In una società che invecchia sempre di più, l’attenzione verso gli anziani non corrisponde ai tempi di vita che si allungano. Si spendono molte chiacchiere per affermare la vicinanza alla terza età, ma nei fatti questo non sempre avviene. Forse Dostoevskij esagerava scrivendo che vivere oltre i quarant’anni è di cattivo gusto. Tuttavia a volte si ha l’impressione che qualcosa di vero ci sia. In molti sostengono che la terza età può essere la più bella della vita, se affrontata nel modo giusto. Il risultato non dipende però solo dai diretti interessati, ma anche da tutti coloro che con loro vivono. A questo proposito, è lecito esprimere un pronostico negativo per il futuro?
Paolo di Benedetto
Gli anziani han sempre dovuto sopportare l’emarginazione. Non producono, non consumano -o consumano poco rispetto al molto che la società pretende- e soprattutto ingombrano. Una volta, quando la famiglia era patriarcale, i vecchi mantenevano, e addirittura accentuavano, il loro ruolo di guida: aiutavano i figli nelle incombenze di casa, li consigliavano per quelle di lavoro, erano nonni costanti di nipoti non saltuari. Oggi raramente va così. Oggi le famiglie si sparpagliano, gli anziani restano da soli e spesso affrontano l’ultima parte della vita a mani vuote. Cioè senza nulla più di significativo da offrire all’esistenza. Dunque, e purtroppo, non è realisticamente sbagliato guardare al futuro con pessimismo.

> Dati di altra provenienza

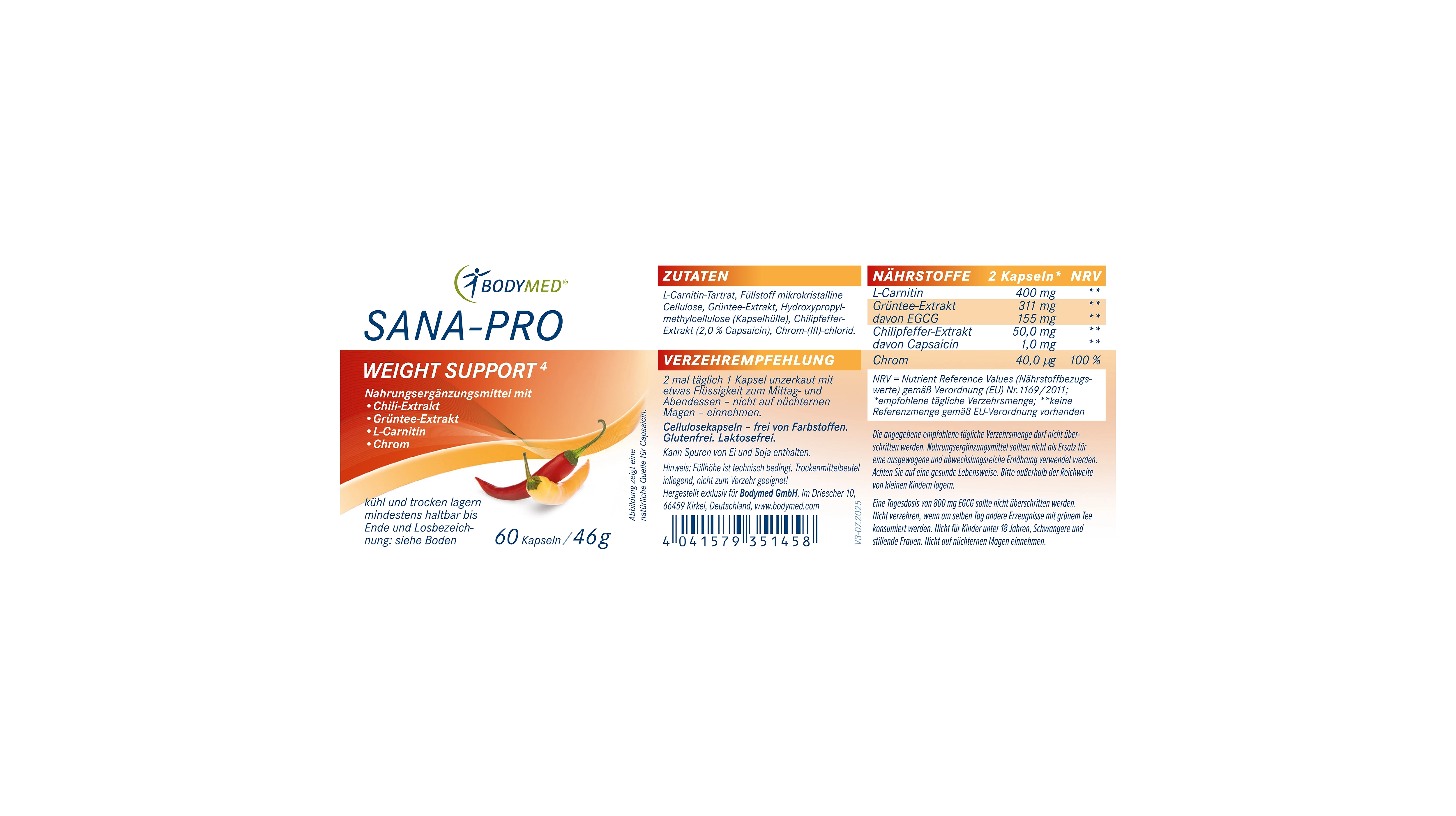 Sana-Pro Weight Support⁴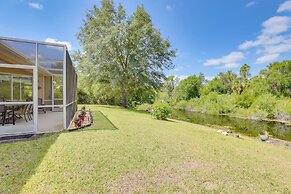 Screened Patio & Canal Views: Home in North Port!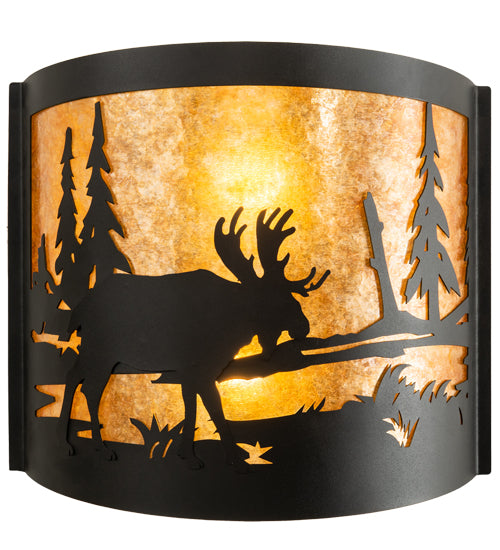 Meyda Tiffany Moose At Lake 203179 Wall Light -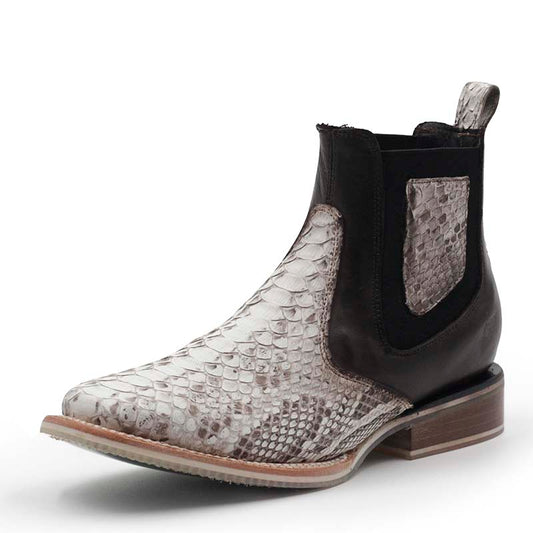 Botin Vaquero Piton Albino Natural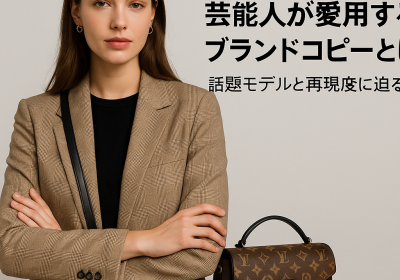 芸能人が選ぶブランドコピー製品の真実｜話題モデルと使用感を検証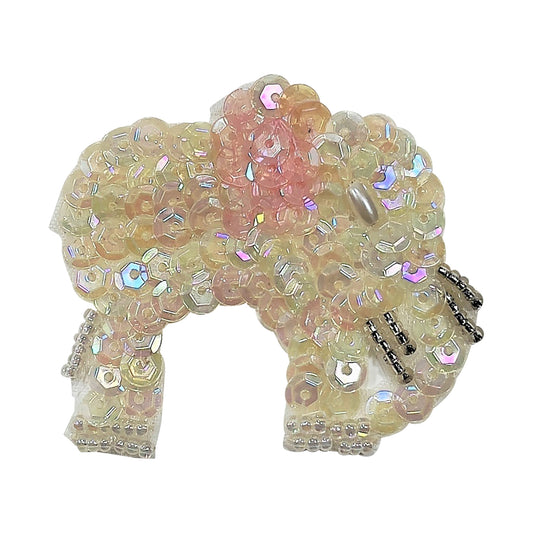 Elephant Sequin Applique/Patch  - Crystal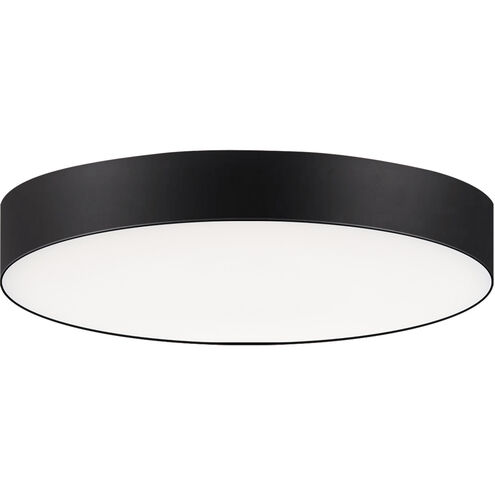 Trim LED 7 inch Black Flush Mount Ceiling Light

Però ogni tanto veniamo a conoscenza di notizie che c’inducono a riaccendere qualche speranza sul significato positivo da dare alla terza età. Una è di questi giorni. Dall’altra parte del Lago Maggiore, a Pallanza, nella sua casa che guarda sul Golfo Borromeo, compie centodieci anni Emma Morano, che vive con una sorella di centouno. Credo sia un caso unico in Italia. E credo valga la pena di sapere che questa donna sta vivendo così a lungo per tre ragioni: perché, dice lei, segue da sempre una dieta singolare (una pastina con dentro un po’ di carne, due uova e un gianduiotto quotidiani, oltre a qualcos’altro di frugale), si riposa almeno dodici ore al giorno, non guarda mai il calendario. Guarda invece, quando si sveglia al mattino, se gli affetti che ha intorno son rimasti quelli della sera prima. Finora il riscontro è risultato positivo. "Senza la serenità -disse ai cronisti in occasione di uno dei suoi genetliaci- non serve a niente neppure la salute". Una medicina troppo antica per essere prodotta nella modernità. Troppo semplice per un mondo globale complesso. Troppa amara per chi del dolce ha una cognizione da pasticceria.